Cronaca

Che cos’è la sindrome di Stoccolma e perché viene associata al caso di Silvia Romano

Silvia Romano si sarebbe convertita all’Islam per la sindrome di Stoccolma. Si tratta di una delle tante “ipotesi” che in queste ore spopolano sul web in merito alla conversione della volontaria milanese rientrata in Italia dopo il rapimento durato 18 mesi.

La giovane volontaria della onlus Africa Milele ha rivelato di essersi convertita all’Islam per libera scelta, per curiosità dopo aver chiesto di leggere il Corano.

Silvia Romano convertita all’Islam per la sindrome di Stoccolma? 

La sindrome di Stoccolma è un particolare stato di dipendenza psicologica e/o affettiva che si manifesta in alcuni casi in vittime di episodi di violenza fisica, verbale o psicologica.
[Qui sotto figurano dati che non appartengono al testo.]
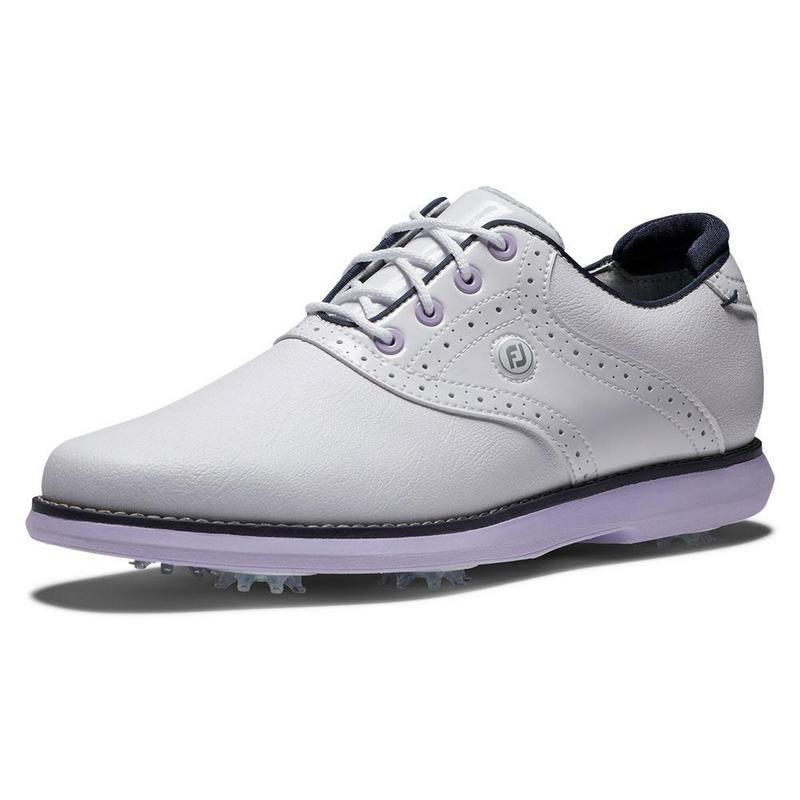 FootJoy Traditions Womens Golf Shoes - White/Navy/Purple - main image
Il soggetto affetto dalla sindrome, durante i maltrattamenti subiti, prova un sentimento positivo nei confronti del proprio aggressore che può spingersi fino all’amore e alla totale sottomissione volontaria, instaurando in questo modo una sorta di alleanza e solidarietà tra vittima e carnefice.

La sindrome viene spesso evocata nei resoconti giornalistici o in opere di fantasia ma non è inserita in nessun sistema internazionale di classificazione psichiatrica, non è classificata in nessun manuale di psicologia, ed è stata nominata soltanto in un ridotto numero di studi scientifici e viene ritenuta un caso particolare del fenomeno più ampio dei legami traumatici, ovvero quei legami fra due persone delle quali una gode di una posizione di potere nei confronti dell’altra che diviene vittima di atteggiamenti aggressivi o di altri tipi di violenza.

Il collegamento con Silvia Romano

Stando a quanto trapelato da fonti investigative citate dall’Agi non si esclude che possa “trattarsi di una situazione psicologica legata al contesto in cui la ragazza ha vissuto in questi 18 mesi, non necessariamente destinata a durare nel tempo”. 

Le stesse fonti ricordano che ci sono stati altri casi in passato, riferimento a Sima Pari Simona Torretta, che cooperanti della Ong “Un ponte per” che il 28 agosto 2004 furono rapite a Baghdad. Il loro sequestro durò un mese e il 28 settembre furono rilasciate prima di dichiarare, tra le polemiche, di voler ritornare dove erano state rapite e ringraziarono più i loro carcerieri che le autorità che avevano ottenuto la loro liberazione.